You can also schedule XM recordings so you never miss particular radio show. “My Music Library” is where you access recorded XM programs/music, mp3s/WMAs, and audiobooks from your microSD card.

The XMP3 features Auto Recording which records up to 30 hours of music from the five channels you listen to the most. You can set the channels yourself or just let the radio figure it out.

To get from submenu to submenu, you have to use the scroll wheel (the arrow keys on wheel won’t work). You can click the Options button while listening to XM programming which displays a menu. You can access TuneSelect for an artist or a song which alerts you whenever that artist or song is playing on another channel. You can bookmark the song, mark a channel a favorite, and view programs for your current channel.

The Remote

The included remote works well within line of sight, but it is a bit awkward to move from wheel control on unit to button control on remote. The “Back” button is placed in bottom right hand corner, but “Select” button is in the top-middle. This is a poor layout considering these two buttons are frequently used when navigating the menu system (can really hurt your thumb if you’ve got small hands).

Audio Quality and Reception

When I could get a signal, the sound quality was good. The equalizer has nine presets. There is no option to customize an equalizer setting.

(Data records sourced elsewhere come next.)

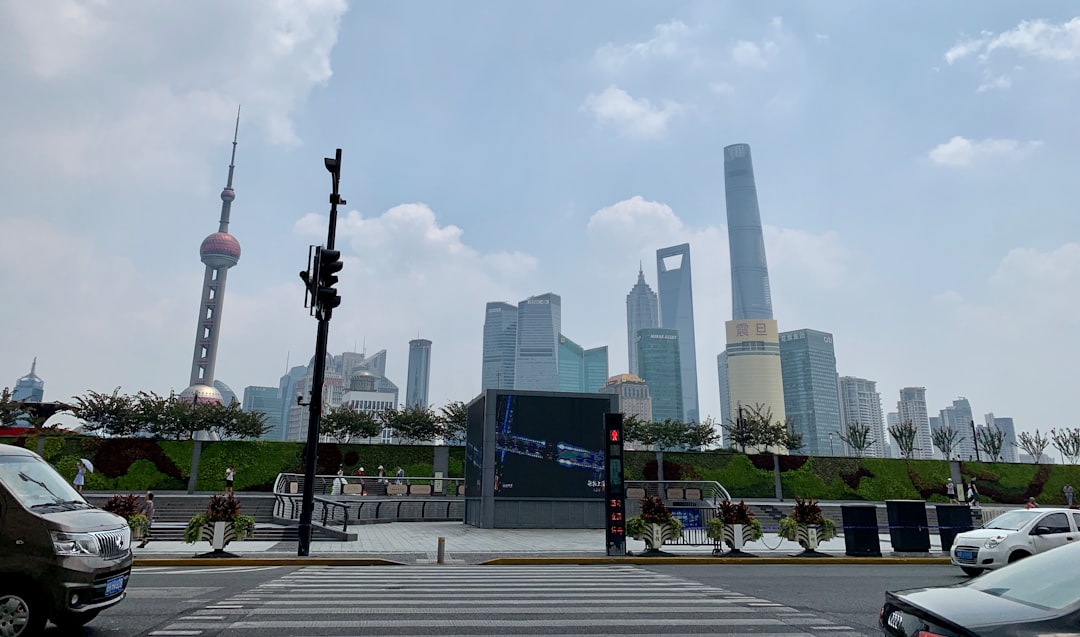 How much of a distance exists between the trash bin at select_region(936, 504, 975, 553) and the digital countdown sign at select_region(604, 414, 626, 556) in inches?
403

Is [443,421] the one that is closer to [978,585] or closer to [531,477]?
[531,477]

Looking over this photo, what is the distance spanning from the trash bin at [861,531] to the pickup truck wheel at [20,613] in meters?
18.0

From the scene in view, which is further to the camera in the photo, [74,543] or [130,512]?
[130,512]

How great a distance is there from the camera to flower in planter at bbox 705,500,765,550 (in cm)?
1847

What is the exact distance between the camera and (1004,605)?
13.3ft

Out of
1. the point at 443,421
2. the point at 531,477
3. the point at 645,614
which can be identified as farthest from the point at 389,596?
the point at 443,421

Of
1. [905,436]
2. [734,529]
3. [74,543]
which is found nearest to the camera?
[74,543]

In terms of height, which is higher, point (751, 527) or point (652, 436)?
point (652, 436)

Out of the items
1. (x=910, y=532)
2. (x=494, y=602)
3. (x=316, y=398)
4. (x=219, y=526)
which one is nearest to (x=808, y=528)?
(x=910, y=532)

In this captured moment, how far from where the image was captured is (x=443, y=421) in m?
55.7

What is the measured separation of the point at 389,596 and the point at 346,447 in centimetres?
3579

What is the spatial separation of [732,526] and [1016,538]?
21.8 feet

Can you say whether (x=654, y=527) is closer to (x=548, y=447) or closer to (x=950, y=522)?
(x=548, y=447)

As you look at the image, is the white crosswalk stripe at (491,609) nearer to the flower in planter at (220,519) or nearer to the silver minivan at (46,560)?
the silver minivan at (46,560) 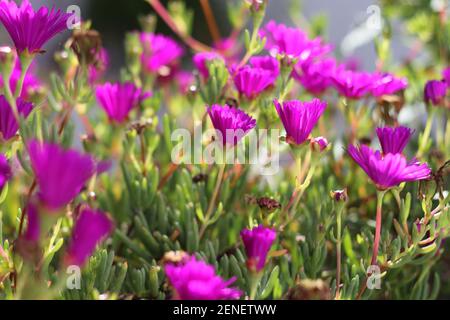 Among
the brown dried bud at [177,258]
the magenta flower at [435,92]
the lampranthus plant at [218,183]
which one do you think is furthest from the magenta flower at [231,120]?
the magenta flower at [435,92]

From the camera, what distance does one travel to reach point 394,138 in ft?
1.60

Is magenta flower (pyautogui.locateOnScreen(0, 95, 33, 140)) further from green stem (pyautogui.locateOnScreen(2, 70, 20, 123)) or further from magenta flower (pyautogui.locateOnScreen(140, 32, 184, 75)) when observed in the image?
magenta flower (pyautogui.locateOnScreen(140, 32, 184, 75))

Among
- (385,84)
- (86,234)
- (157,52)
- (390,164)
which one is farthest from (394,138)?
(157,52)

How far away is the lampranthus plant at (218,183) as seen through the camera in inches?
17.3

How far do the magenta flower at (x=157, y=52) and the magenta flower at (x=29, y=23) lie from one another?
31 centimetres

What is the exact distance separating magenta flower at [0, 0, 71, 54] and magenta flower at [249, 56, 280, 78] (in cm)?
19

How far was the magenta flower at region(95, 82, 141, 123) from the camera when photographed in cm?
62

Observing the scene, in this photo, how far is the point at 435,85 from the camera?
2.04 feet

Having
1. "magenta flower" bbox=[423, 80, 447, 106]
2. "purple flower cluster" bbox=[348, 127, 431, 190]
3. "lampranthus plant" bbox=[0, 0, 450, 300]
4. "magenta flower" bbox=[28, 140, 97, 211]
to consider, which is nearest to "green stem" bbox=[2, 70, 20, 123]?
"lampranthus plant" bbox=[0, 0, 450, 300]

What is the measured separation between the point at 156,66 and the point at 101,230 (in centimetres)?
45

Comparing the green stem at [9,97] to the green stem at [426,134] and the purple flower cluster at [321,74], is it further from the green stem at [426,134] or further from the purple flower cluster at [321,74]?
the green stem at [426,134]

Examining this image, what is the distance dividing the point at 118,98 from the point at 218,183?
0.51 feet

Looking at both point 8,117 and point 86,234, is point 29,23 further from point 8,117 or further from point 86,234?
point 86,234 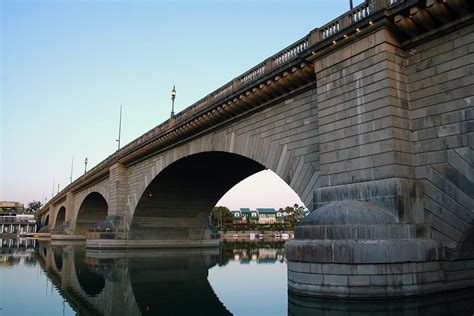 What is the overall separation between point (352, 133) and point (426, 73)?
298cm

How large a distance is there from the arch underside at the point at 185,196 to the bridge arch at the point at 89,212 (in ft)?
79.3

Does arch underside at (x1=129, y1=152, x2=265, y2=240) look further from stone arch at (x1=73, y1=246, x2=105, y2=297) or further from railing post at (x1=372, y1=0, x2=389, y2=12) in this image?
railing post at (x1=372, y1=0, x2=389, y2=12)

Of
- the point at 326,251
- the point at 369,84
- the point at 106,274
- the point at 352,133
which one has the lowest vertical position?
the point at 106,274

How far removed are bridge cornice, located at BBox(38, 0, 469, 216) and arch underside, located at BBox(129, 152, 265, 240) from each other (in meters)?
3.31

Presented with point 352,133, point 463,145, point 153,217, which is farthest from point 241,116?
point 153,217

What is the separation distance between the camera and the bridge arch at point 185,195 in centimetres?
3291

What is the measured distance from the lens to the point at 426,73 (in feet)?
45.2

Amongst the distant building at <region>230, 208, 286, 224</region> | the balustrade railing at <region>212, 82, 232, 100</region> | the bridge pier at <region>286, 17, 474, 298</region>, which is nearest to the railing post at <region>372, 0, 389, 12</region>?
the bridge pier at <region>286, 17, 474, 298</region>

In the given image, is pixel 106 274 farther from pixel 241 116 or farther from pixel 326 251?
pixel 326 251

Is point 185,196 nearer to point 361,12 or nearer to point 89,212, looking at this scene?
point 361,12

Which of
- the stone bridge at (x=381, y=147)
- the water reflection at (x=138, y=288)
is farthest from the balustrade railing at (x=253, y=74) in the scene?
the water reflection at (x=138, y=288)

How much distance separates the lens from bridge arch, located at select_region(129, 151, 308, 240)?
108 ft

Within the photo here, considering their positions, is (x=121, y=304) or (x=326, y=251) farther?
(x=121, y=304)

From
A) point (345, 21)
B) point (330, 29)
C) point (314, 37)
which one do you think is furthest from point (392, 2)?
point (314, 37) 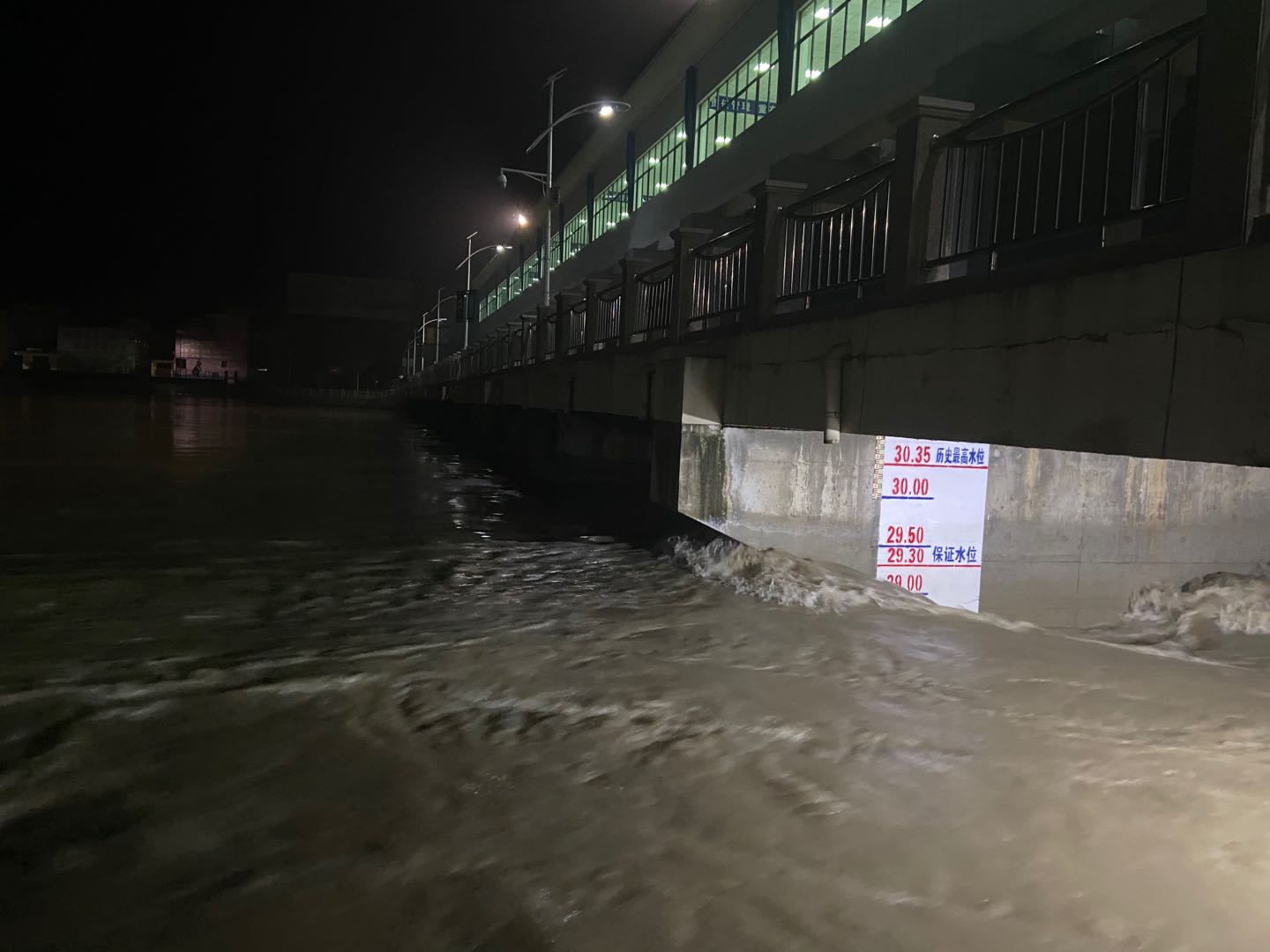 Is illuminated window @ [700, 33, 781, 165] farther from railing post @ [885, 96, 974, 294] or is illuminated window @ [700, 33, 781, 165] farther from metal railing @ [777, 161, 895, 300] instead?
railing post @ [885, 96, 974, 294]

I found the signal poor when I was at home using just the radio’s internal antenna. The radio has an antenna signal utility that is really helpful when setting up the unit with the external antenna. Reception was much improved using the external antenna, though I had to wander around the room a while to find the right spot to set it down.

I tested out the radio on my morning commute on the MetroNorth train (lower Hudson valley to NYC). Lower Westchester had good to very good (1 to 2 bars out of 3) signal reception. There was little to no signal by mid-Westchester, even when I brought the dock with me and had the external antenna. In Queens, NY, I had to use the external antenna to get a viable signal in a building. There was a very good to excellent signal in Manhattan and the Bronx.

I was initially excited when I took the radio on the train, but was greatly disappointed by the poor signal reception. I’ll stick with my dedicated MP3 player for my music on my commute.

Wrap up

The Pioneer XMP3 player is an interesting device. It can serve as your normal music player if you bring along a microSD card. The recording feature is also handy when there is no signal. The design could use another revision to integrate the antenna a little bit better. The antenna sticks out like a sore thumb on this relatively clean design. $279.99 seems a little steep for something like this. The price will likely be a barrier to most who are just curious about XM. For those who already love satellite radio, this is a very pocketable solution.

This device will appeal to XM enthusiasts, but probably won’t win over the masses yet.